QCFractal icon indicating copy to clipboard operation
QCFractal copied to clipboard

Clean up submitted LSF jobs on graceful termination

Open jchodera opened this issue 6 years ago • 3 comments

Describe the bug During my brief testing earlier today, when qcfractal-manager is terminated with ctrl-c, even though it terminates gracefully, it does not clean up the jobs it submitted to the LSF queue upon termination.

To Reproduce

  1. Start qcfractal-manager on an LSF system
  2. Terminate qcfractal-manager with ctrl-c
  3. Observe that jobs remain in the LSF queue with bjobs

Expected behavior If qcfractal-manager has the opportunity to terminate gracefully, it should bkill the jobs it submitted.

Additional context This was observed on the MSK lilac cluster.

jchodera avatar May 15 '19 00:05 jchodera

By and large these jobs are killed when the manager shuts down, but some do slip through for unknown reasons.
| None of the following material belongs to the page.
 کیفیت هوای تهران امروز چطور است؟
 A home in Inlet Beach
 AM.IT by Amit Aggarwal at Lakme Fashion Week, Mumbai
When one of these jobs lands it will die in a few seconds as it is unable to find its scheduler so it should not be considered too harmful.

As we depend on other distributed queue managers for this capability we are unlikely to fix this ourselves. We can pass the bug report along to dask-jobqueue however.

dgasmith avatar May 15 '19 13:05 dgasmith

By and large these jobs are killed when the manager shuts down, but some do slip through for unknown reasons. When one of these jobs lands it will die in a few seconds as it is unable to find its scheduler so it should not be considered too harmful.

This is not the behavior I have observed. Queued jobs sit in the queue for some time. If a misconfiguration (such as the GB/MB/KB dask issue) led to the job requesting an unsatisfiable amount of resources, the job will sit in the queue indefinitely.

jchodera avatar May 15 '19 14:05 jchodera

Ok, good to know. This is likely a specific combination of dask and LSF as the above behavior works for SLURM/PBS/etc. We will be pushing some changes upstream to dask-jobqueue and will note this issue there.

dgasmith avatar May 15 '19 14:05 dgasmith

New manager is Parsl-based, which I think does a better job with LSF. But would need additional testing

bennybp avatar Sep 14 '23 16:09 bennybp